Cumartesi, Mart 01, 2008

Hayatla beni



(20’li Yaşlarına Gelmeden Çocuğumu Asla Sokmayacağım Pasajlar 2)



“Dışarıya baktığımda daha baştan her yanda tartışma, çelişki, öfke, iftira, ve kötüleme görürüm. Gözümü içeri çevirdiğimde, kuşku ve bilgisizlikten başka birşey bulamam. Tüm dünya bana karşı çıkmak ve beni çürütmek için elbirliği yapar; ama öyle zayıfım ki, tüm görüşlerimin başkalaırnın onaylarıyla desteklenmedikleri zaman gevşeyip kendiliklerinden düştüklerini duyarım.
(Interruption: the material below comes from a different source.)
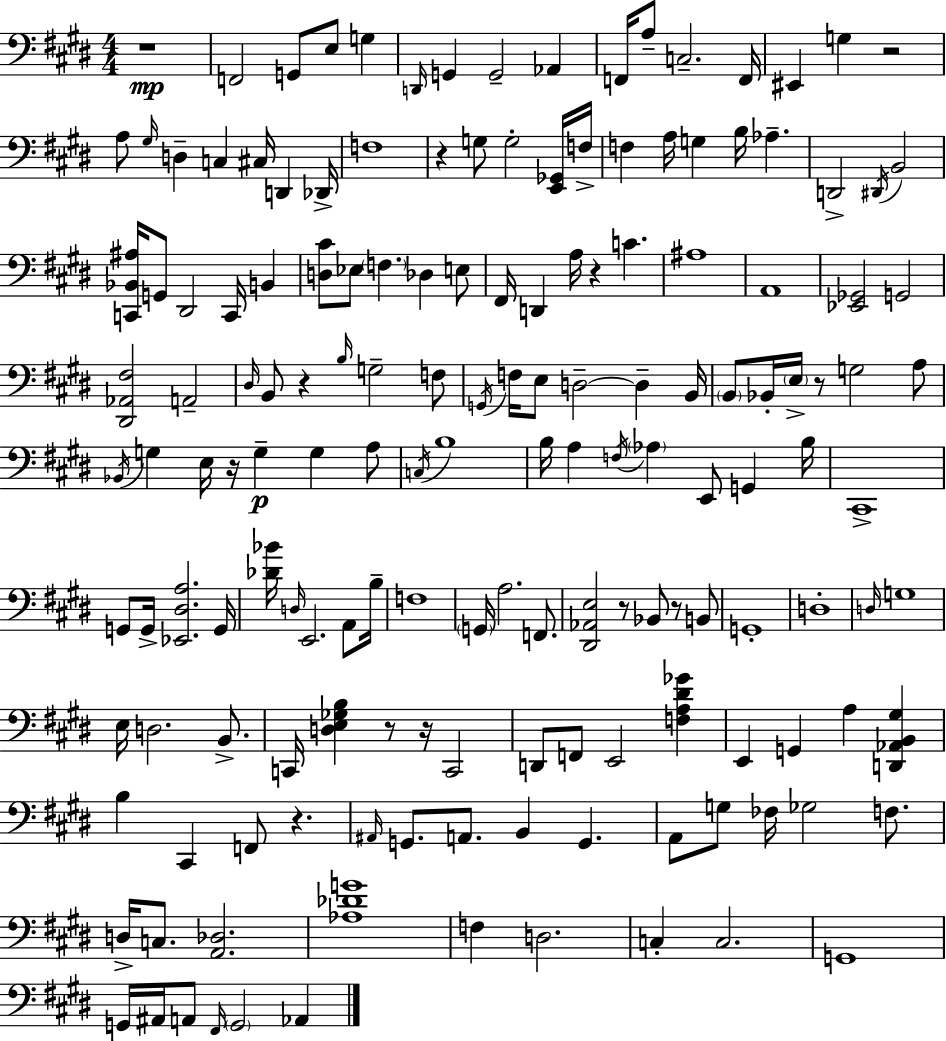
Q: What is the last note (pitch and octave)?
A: Ab2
Her adımı duraksayarak atarım, ve her yeni düşünce beni uslamlamamda bir yanılgı ve saçmalık korkusuna düşürür.” (David Hume)

İnsanın bu kadar yanlış yaşayıp tarihe geçmesi...
Önemli bir filozof olması.

Önemli bir filozof sayılması, diyelim.
Tüm güçsüzlükleri dengeleyen bir güç!
Başarı olarak bile nitelenebilir.
Onun başarısı mı peki, felsefeci adamın yani?

Peki.

Her yerde hayatın mükemmelliğini görüyorum ben, ne çare!
Bunu unuttuğumda yapıyorum hataları!


“Hüznümüzünüz” geçiyormuş bir şiirinde Hilmi Yavuz’un…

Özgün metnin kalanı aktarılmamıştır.